Alston: A Different Kind of Diversity

This past Martin Luther King Jr. Day, students protested what they see as Dartmouth’s implicit cooperation with what they consider institutionalized racism and classism. They took issue with the fact that Dartmouth maintains what they referred to as the “commitment to the illusion of diversity.” While issues of racial equality are important, Dartmouth has actually come a long way in terms of racial diversity.

When my mom stepped on campus in the fall of 1973, the campus population was a little over 10 percent female and roughly 90 percent white. When people talk of a stereotypical Dartmouth, one white as the snow that graces the Green, this is the image that pops into my mind.

Though the buildings and the scenery remain the same, Dartmouth looks nothing like the school my mom attended. The core principle of liberal arts education remains, but a wider variety of people now bask in its benefits. In fact, fewer than half of the students are white. Forty years ago there were few Hispanic, Asian or international students, but these groups now represent 6, 14 and 16 percent of the student body, respectively. We’re far from the pinnacle of pluralism, but Dartmouth still boasts an incredibly diverse group of students — at least in terms of skin color.

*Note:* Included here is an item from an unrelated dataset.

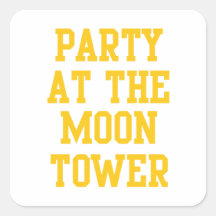 Party at the Moon Tower Stickers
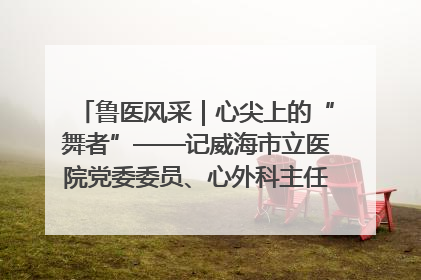 鲁医风采｜心尖上的“舞者”——记威海市立医院党委委员、心外科主任、主任医师景昊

To me, though, skin color is a poor measure of diversity and its use as such promotes superficial judgments. A blind commitment to raising the representation of some races ignores other measures of diversity, primarily socioeconomic status. Dartmouth’s efforts to boost racial diversity and minority representation, combined with efforts to keep a healthy number of legacies in the student population, have left the white middle and working class — the largest segment of the American population — woefully underrepresented. This phenomenon is not limited to white people. Only 15 percent of the overall Dartmouth undergraduate student body receive Pell Grants and just shy of 50 percent of students do not receive financial aid (though to be fair, many of our peer institutions are comparable in this regard).

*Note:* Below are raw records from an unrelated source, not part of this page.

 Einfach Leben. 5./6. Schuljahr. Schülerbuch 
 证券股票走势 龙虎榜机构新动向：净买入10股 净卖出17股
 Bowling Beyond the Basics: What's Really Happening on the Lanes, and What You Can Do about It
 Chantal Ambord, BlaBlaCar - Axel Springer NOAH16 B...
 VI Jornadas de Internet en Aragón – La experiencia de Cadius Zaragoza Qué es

I feel this deficiency in socioeconomic diversity deprives students of perspectives that can only be gleaned from interaction with people of substantively different backgrounds. Race may be an indicator of superficial difference but does not guarantee a substantially different worldview. Conversely, one’s socioeconomic status may not be as apparent upon first glance, but it does provide one with a fundamentally different vantage point than from peers of different backgrounds.

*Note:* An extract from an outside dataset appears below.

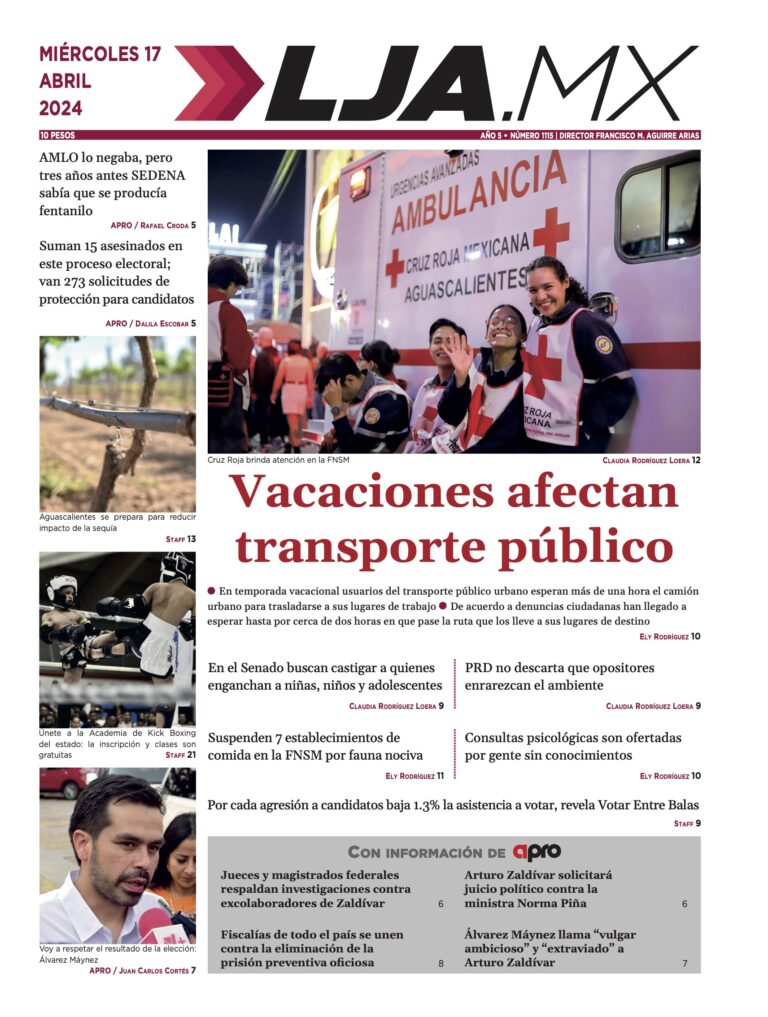 Vacaciones afectan transporte público y más en LJA.MX, edición 17/4/2024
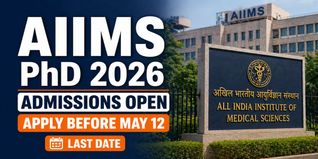 AIIMS Delhi Doctorate Admission 2026 July Session Begins; Apply by May 12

I’ve lived in a Super Zip bubble for almost all of my life, and my peers were mostly of a similar socioeconomic status despite being of fairly diverse ethnic backgrounds. Most of us were part of the same recreational sports as kids, put ourselves through the same advanced courses in high school and for the longest time, shared a broadly left-liberal political outlook. I had limited experience and substantive understanding of how people outside this bubble of relative socioeconomic parity lived and thought.

A diversity of socioeconomic backgrounds naturally alleviates this problem, as people who are part of the top income brackets have substantively different political views than their less well-off counterparts, especially regarding social issues, and have different childhood experiences. Understanding these differences is important in a community that is supposed to cultivate the leaders of the future.

While Dartmouth is far from a King-style utopia in racial and gender diversity and harmony, we’ve come a long way from the fairly bland, mostly white campus of my mom’s day. Though the importance of racial issues should not be dismissed, if we are to shape future leaders, we must expose students to backgrounds and upbringings radically different from their own. A rainbow of skin colors isn’t enough to accomplish this. So I feel it’s time that Dartmouth refocuses its efforts on something that hasn’t improved enough on campus since the 1970s — socioeconomic diversity.